Fonte: Migalhas.
TJ/RJ nega recurso a três ex-participantes de reality show
O desembargador Alexandre Freitas Câmara, da 2ª câmara Cível do TJ/RJ, negou recurso a três ex-participantes de um reality show.
Alexandre Mirabelle Zago, Luisa de Sá e Benevides Rebuzzi e Gabriela Aguiar participaram do programa "Ídolos" da Rede Record de Televisão e, após serem eliminados, entraram com ação na Justiça para impedir a exibição das cenas que entendem ser constrangedoras e pedindo ainda a rescisão do contrato.

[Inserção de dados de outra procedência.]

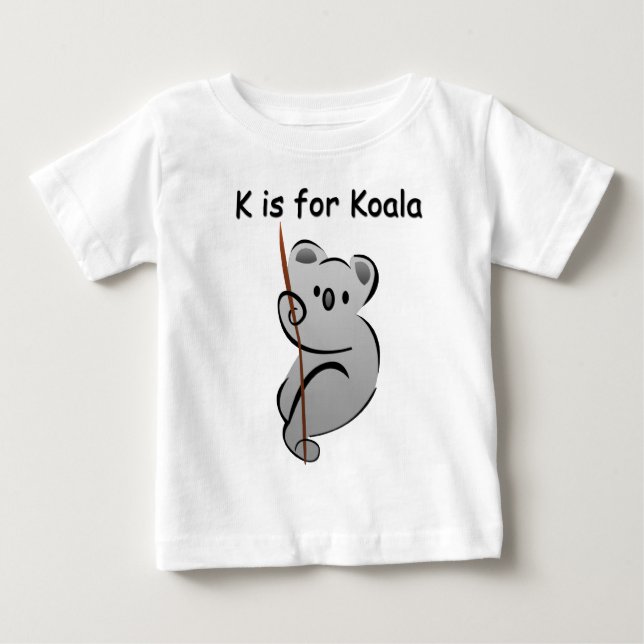 T-shirt Pour Bébé K est pour le koala (Devant)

Eles apontaram uma cláusula do documento assinado com a emissora em que haveria violação aos princípios gerais do Direito brasileiro, como a boa-fé e a dignidade humana.
"O participante entende que poderá revelar e que outras partes poderão revelar informações sobre ele de natureza pessoal, particular, vergonhosa e não favorável. Entende que a contribuição ao programa poderá ser explorada de forma pejorativa, vergonhosa e/ou de forma desfavorável", salientou o desembargador.
O magistrado, no entanto, lembra que os autores da ação sabiam exatamente onde estavam se inscrevendo ao se candidatarem a participantes do reality show e à exposição a que se submeteriam, além de terem lido contrato antes da assinatura. Segundo ele, agora, os candidatos devem arcar com as consequências. "Quem se inscreve em um reality show sabe, exatamente, o que lhe espera", concluiu.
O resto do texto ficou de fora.